Isolated web parts introduce a new way to isolate access to APIs secured with Azure AD and ensure that only specific SharePoint Framework web parts are allowed to obtain an access token for the particular API.

How isolated web parts work

Important

The isolated web parts capability is available only in SharePoint Framework v1.7.0 and later.

Architectural overview illustrating how isolated web parts work

Solutions using the isolated web parts capability, have a specific flag set in the project metadata in the .sppkg file. When deploying these solutions to the app catalog, all API permission requests are specified as isolated. After approving an isolated API permission request, SharePoint will create a separate Azure AD application in the Azure AD linked to the Office 365 tenant. This Azure AD application is specific to the SharePoint Framework solution that requested API permissions and will have set OAuth permissions as requested by that solution. The return URL of that Azure AD application, which is used by the OAuth implicit flow, will be set to a unique domain that is tied to that specific SharePoint Framework application. All web parts from solutions using isolated permissions, when added to a page, will be displayed using an iframe pointing to a unique domain tied to the particular SharePoint Framework solution. This way, SharePoint Framework is able to enforce unique API permissions and ensure that no other solution or script in the tenant can obtain an access token to these APIs.

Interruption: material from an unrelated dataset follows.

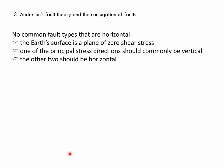Combining this with the observation that no common fault types are horizontal, we presume that the Earth's surface as a horizontal plane is a plane of zero shear stress. This implies that one of the principal stress directions — sigma 1, sigma 2, or sigma 3 — should commonly be vertical, and the other two should be horizontal.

Scaffolding a project that uses isolated permissions

When you scaffold a new SharePoint Framework project, the SharePoint Framework Yeoman generator will prompt you, if the solution requires API permissions that should be isolated and not available to other components.

SharePoint Framework Yeoman generator prompting if the project uses isolated permissions

If you answer Yes, then the generator will add a flag to your project's configuration in the config/package-solution.json file, by setting the isDomainIsolated property to true. Because the isolated web parts capability applies only to web parts, the generator will only allow you to create web parts in your project.

SharePoint Framework Yeoman generator allowing to create only web parts for projects using isolated permissions

Important

Theoretically, you could manually create a SharePoint Framework extension in a project that uses isolated permissions. This is however a bad idea and something you should never do. If the extension you have added communicated with APIs secured with Azure AD, it wouldn't be able to retrieve the access token in an isolated way and would fail on runtime.

Communicating with APIs

Despite the web part using isolated permissions, there is nothing specific to how you obtain an access token to an API secured with Azure AD in your code. Additionally, even though on runtime isolated web parts will be loaded inside an iframe pointing to a unique domain, you can communicate with SharePoint REST API, the same way as you would in non-isolated web parts.

Deploying solutions with isolated web parts

Solutions with isolated web parts are deployed the same way as regular SharePoint Framework solutions. The only difference is, that the API permission requests are deployed as isolated. This is clearly visible on the API management page, where the API permission requests are grouped per solution to which they apply.

API permissions granted on the tenant-level can be used by any SharePoint Framework solution or piece of script on the tenant. Isolated permissions on the other hand, can only be used by the solution that requested them.

Using isolated web parts

When added to the page, isolated web parts are displayed using an iframe. This iframe points to a unique domain assigned to the SharePoint Framework solution where the web part is located. This domain is also referenced in the return URL of the Azure AD application created to host the isolated permissions for the particular SharePoint Framework solution. Using the unique domain allows to ensure, that only web parts from the particular SharePoint Framework solution are able to obtain an access token for the isolated set of permissions.

Upgrading existing project to use isolated permissions

If you're upgrading an existing SharePoint Framework project to v1.7.0 and want to use the isolated permissions capability, you can do it, by setting in the config/package-solution.json file, the isDomainIsolated property to true. You should ensure, that your project contains only web parts.

After changing the project to use isolated permissions, you should redeploy your project. This will issue new API permission requests, isolated to your solution, which will need to be approved by the tenant admin.

Removing solutions with isolated permissions

When approving isolated API permissions, SharePoint creates a dedicated Azure AD application specific for the SharePoint Framework solution that requested permissions. When the SharePoint Framework solution is removed from the app catalog, the API permissions as well as the Azure AD application are not removed.